* [SUPPLIED MATERIAL]
════

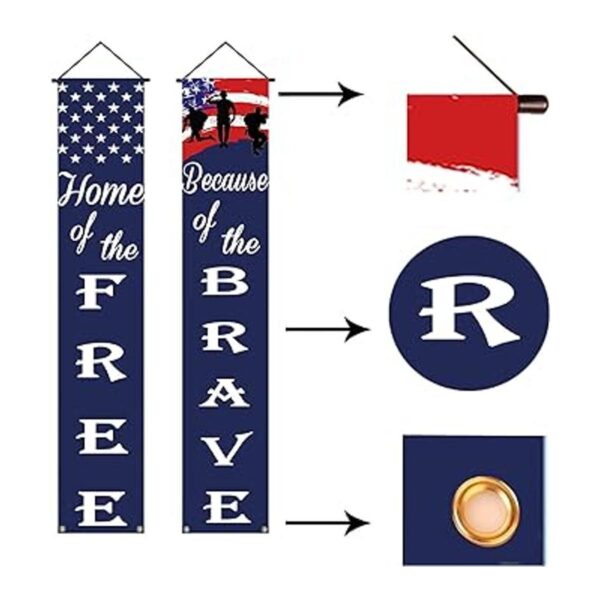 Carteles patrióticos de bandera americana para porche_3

════

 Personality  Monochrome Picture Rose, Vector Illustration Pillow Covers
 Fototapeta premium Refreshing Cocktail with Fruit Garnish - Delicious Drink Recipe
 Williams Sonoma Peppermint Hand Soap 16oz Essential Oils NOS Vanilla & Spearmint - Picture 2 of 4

════

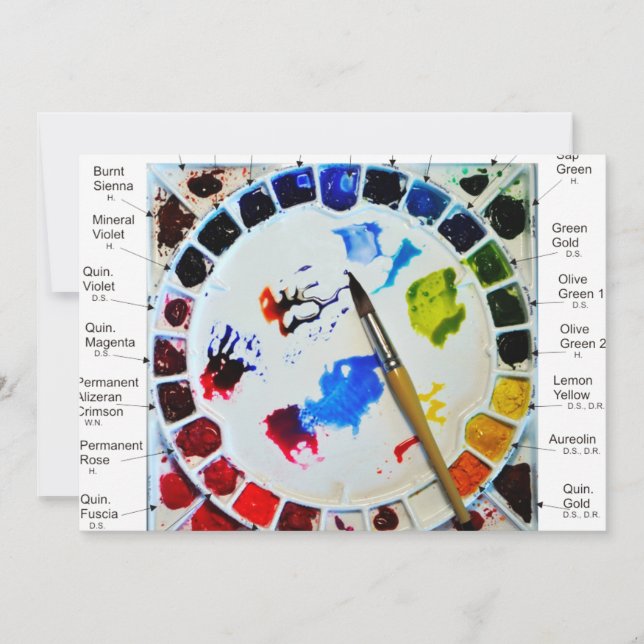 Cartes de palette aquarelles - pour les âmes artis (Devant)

════

* [ABOUT THIS EXERCISE] Look back at the entries above. Retype the line with "Illustration Pillow Covers", the line with "Williams Sonoma Peppermint", and all lines in between.

* [WRITTEN RESPONSE]
 Personality  Monochrome Picture Rose, Vector Illustration Pillow Covers
 Fototapeta premium Refreshing Cocktail with Fruit Garnish - Delicious Drink Recipe
 Williams Sonoma Peppermint Hand Soap 16oz Essential Oils NOS Vanilla & Spearmint - Picture 2 of 4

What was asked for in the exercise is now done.